You might wonder why I opted to lay the bottles on their sides instead of inverting them all like the center Corona ring, and that's because we live in Rocky Top territory, as I've mentioned numerous times before, and after slaving away on the center Corona ring, I got lazy and figured the side bottle option worked just fine.
The three remaining corners still need some trucked-in soil, and I've calculated that I need three more cubic yards of soil to finish the potager garden as well as the rest of my raised beds. Hopefully, after all this initial raised bed building I've done since we got here, I'll be able to maintain enough organic matter via cover crops and all that good stuff to minimize soil purchases in the future. There were many times when I contemplated an attempt at digging beds again to save on soil costs, but an investment in the type of tiller needed to break up our rocky clay soil would be far more, and I didn't really want to bug the neighbors to bring their tractor over for tilling.

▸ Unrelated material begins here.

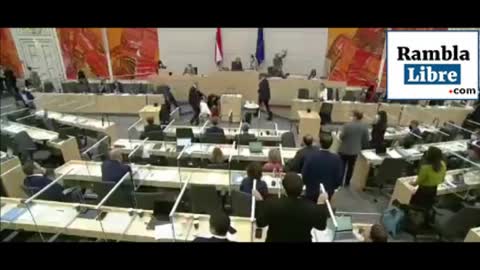 Parlamentaria holandesa pro timo vacuna cae fulminada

I used the free www.smartgardener.com web app to figure out what will go where in my beds -- I definitely ordered way too many varieties of seeds, but the advantage is that I will be able to assess what ones do best in our climate and conditions.

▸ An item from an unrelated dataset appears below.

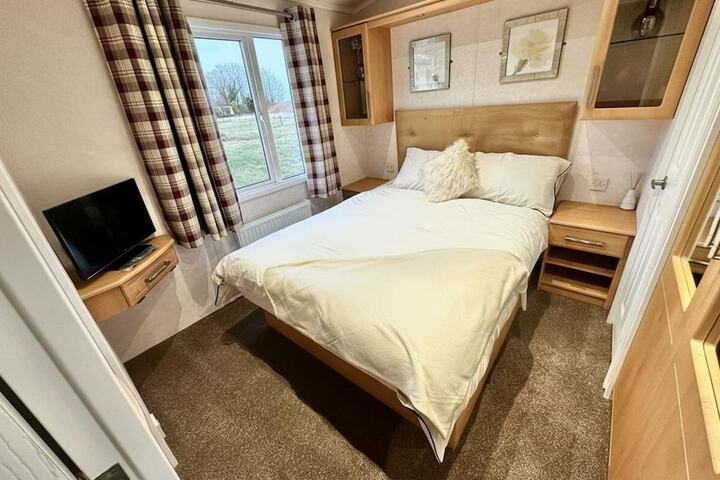 Room 3 of 11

After figuring out how much of each crop variety I want, I realized that I needed way more onion starts, so I made some origami pots out of newspaper and seeded four onions per larger pot (S = Stuttgarter, SRG = Southport Red Globe, TEG = Texas Early Grano, GP = Gold Princess), which still doesn't get me to where I need to be, but I don't have any more room under my grow lights. I was very disappointed in the first sowing of Stuttgarter and Gold Princess seeds from Baker Creek -- only two out of I think thirty seeds germinated whereas The Texas Early Grano and Southport Red Globe seeds from Sustainable Seed Company were at around 60%. I might be overestimating our onion needs, but I use onions nearly every time I cook something -- they're very important.
The lemon halves are seeded with Utah Tall celery -- if the lemon pots don't work, I'll make some more origami newspaper pots instead and reseed them.

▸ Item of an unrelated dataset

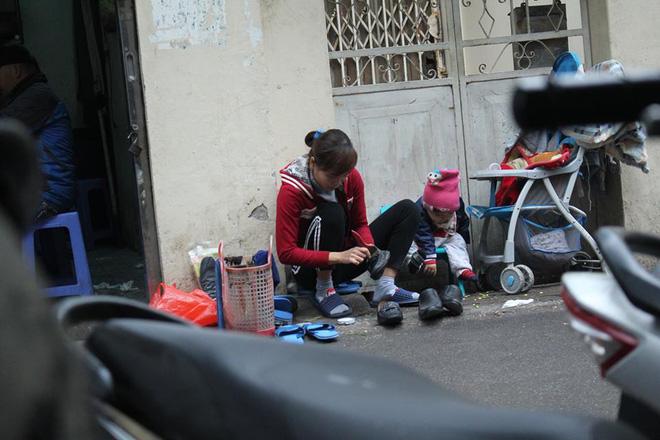 Mẹ cùng con nhỏ đánh giày trên phố Hà Nội khiến bao người xúc động - Ảnh 1.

The artichokies are clearly quite happy (I ended up with nine survivors) but look like they need some nitrogen, so I might use some diluted urine for fertilizer.
|(excuse the poor-quality cameraphone picture)|
We went on a beautiful hike today at our friends' property down the road. They're hoping to move out to their land this summer to start homesteading full time and were clearing brush and trees from the spot for their future home.